On the fiscal front, Egypt has been facing a growing deficit which reached 11% of GDP (about $28 billion) last year, and is expected by the end of the current 2012/13 fiscal, ending on June 30, to jump to 13% of GDP (close to $31 billion). With almost 80% of the state budget allocated to wages, subsidies and debt services, the country’s finance officials have little room for maneuvering. Looking back, raising taxes or cutting expenditure in the context of economic decline and rocky transition were not politically feasible and likely to carry a high social price. Borrowing, thus, seemed the only option left.
External official finances, however, were not readily available, and all seemed to be tied to Egypt undertaking necessary political and economic reforms to ensure stability and sustainability of the country and its economy. Borrowing from international markets was increasingly hard and costly. Post-Mubarak Egypt had twice approached the IMF, in May 2011 and again in January 2012, asking for a $3.2 billion loan, and in both cases, domestic politics hindered a fruitful conclusion of the talks.
Desperate for cash, Egypt turned to the IMF again in August 2012, this time asking for a $4.8 billion loan – a 50% increase from the previous request. Three months later, a preliminary agreement was reached between the parties based on Egypt’s commitment to implement a homegrown economic reform program which aims to reduce the country’s budget deficit from 11% of GDP this year to 8.5% of GDP by 2014. This, according to the plan, is to be achieved, inter alia, through a mélange of tax hikes on sales, income and property, and through expenditure cuts.
But the loan arrangement is now on hold after Egypt retreated last December from raising sales taxes that were part of the IMF deal, hours after they were announced.
“The direct impact of riots and demonstrators is on the country’s security; Egypt is suffering from a debilitating lack of power for governance and a lack of boldness in decision making. All these reasons affect the attractiveness of the Egyptian economy for foreign investment,” Mohammed Saeed, Managing Director of IDT Consulting and Information Systems Company, said.
The current government agrees on IMF’s conditions, but it is not able to meet these requirements, despite the importance of restructuring the Egyptian economy.
Saeed added that tourism is one of the productive units which stopped due to the deterioration of the economic situation with the macroeconomic indicators. Tourism revenues are one of the main resources of foreign cash in Egypt, almost 13 percent of GDP. The remittances from Egyptians working abroad is another source of foreign currency that helped in the current pound crisis.
Saeed said that the Egyptian Stock Exchange still experiences trading at lower prices than its value, with less expectations of positive outlook in the short term especially with the lack of liquidity and foreign investment.
Dr. Ehab El-Desoky, Director of Center for Research and Consultancy at Sadat Academy expected the Egyptian pound to drop against the dollar.

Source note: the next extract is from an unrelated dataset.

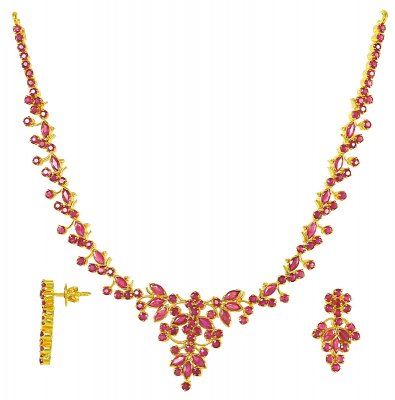 22Kt Indian Jewellery (Ruby Necklace Set) ( Ruby Necklace Sets )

He added that the effect of the political clashes on macroeconomic indicators depends on the ongoing riots and demonstrators; despite that foreign investors were willing to support the Egyptian economy, the largest ratio in making such a decision depends on the potential profits and the extent of confidence in the future of the economy. Riots and demonstrators may delay the foreign investors’ decisions to invest in Egypt.
And this is where Egypt’s ultimate economic policy challenge lies this year: how to reconcile the high expectations of ordinary Egyptians for a better living, and respond to their passionate cry made two years ago at Cairo’s Tahrir Square for “bread, freedom and social justice,” while, at the same time, implementing progress in an increasingly chaotic political setting.